The FTSE 100 giant – which also owns Bank of Scotland and Scottish Widows – announced on Wednesday it would absorb Halifax into the overarching Lloyds name.
Lloyds maintained the shake-up would streamline its customer service operations by consolidating around a single main consumer banking division.
“There are no changes to previously announced plans for branches, and there are no role reductions as part of today’s announcement,” said Jas Singh, Lloyds’ chief executive of consumer relations.
The bank will start removing Halifax signage from its 190 branches in early 2027. From next year, Lloyds will stand as the group’s only brand across England, Wales and Northern Ireland, as reported by City AM.
Lloyds was established in Birmingham in 1765, while Halifax takes its name from the West Yorkshire town where it began life as a building society in 1852.
Halifax relinquished its mutual status in 1997 when it floated on the London Stock Exchange, but ceased trading independently four years later following a merger with Bank of Scotland to create HBOS.
Lloyds stepped in to rescue HBOS in 2009 amid the financial crisis, bringing the firm’s brands into its stable.
The bank emphasised it remained committed to its presence in the town of Halifax, highlighting a recent £116m investment in its Trinity Road office in Halifax town centre. Around 3,000 Lloyds employees are based in the town.

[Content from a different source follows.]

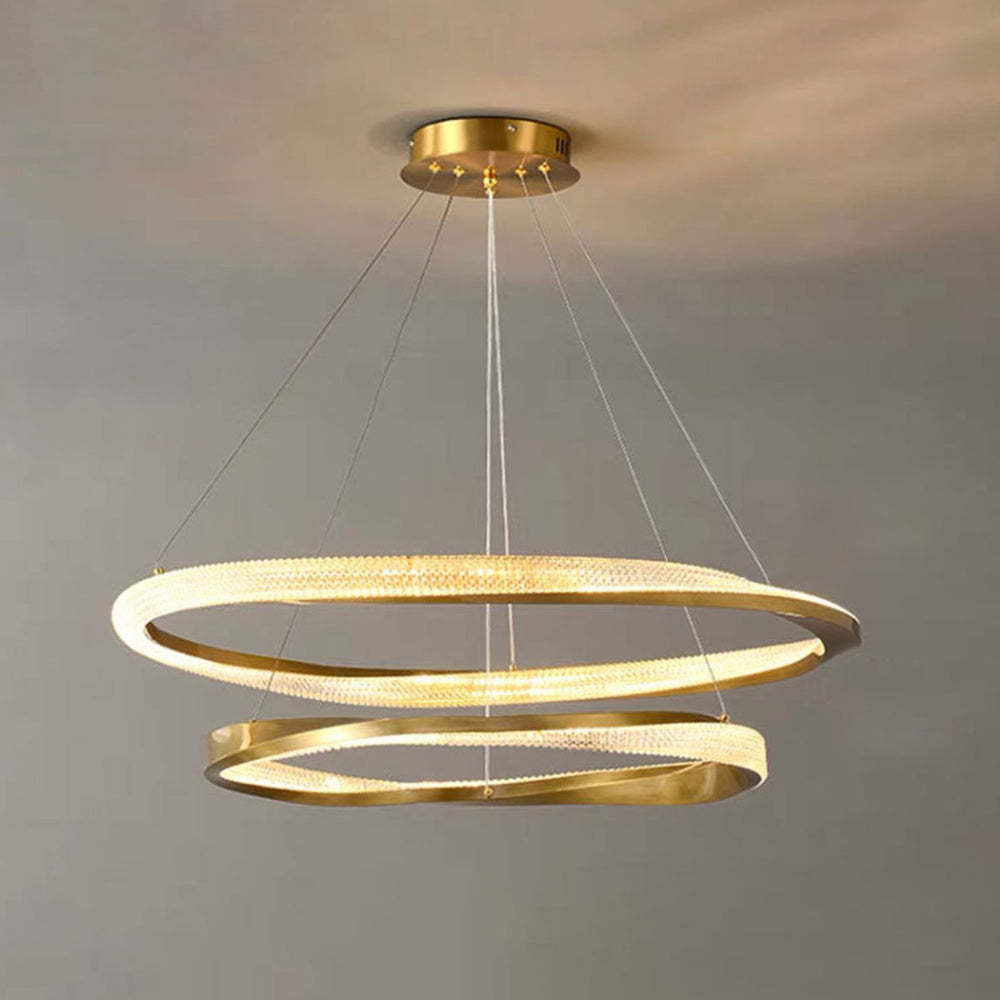 Kirsten Pendant Light - Gold, Dual Ring Design, Modern Lighting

The development arrives amidst a broader transformation for the banking sector on the high street.
Santander is reportedly considering proposals to remove TSB from the high street following its nearly £3bn landmark acquisition last year.

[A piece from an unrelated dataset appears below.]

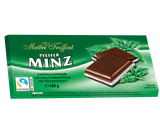 Afbeelding product - Pure chocolade met pepermint creme 100g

The decision would bring to a close TSB’s 215-year presence on Britain’s high street. The transaction, which was unveiled last July, incorporated TSB’s five million customers, £34bn in mortgages and £35bn in deposits into its portfolio.
Other significant consolidation activity in recent years has included Barclays’ £600m acquisition of Tesco’s banking division last year, which enabled it to return £700m to shareholders through an incremental share buyback. HSBC also extended its partnership with M&S banking arm in 2024, which permits the grocer to utilise its credit offering.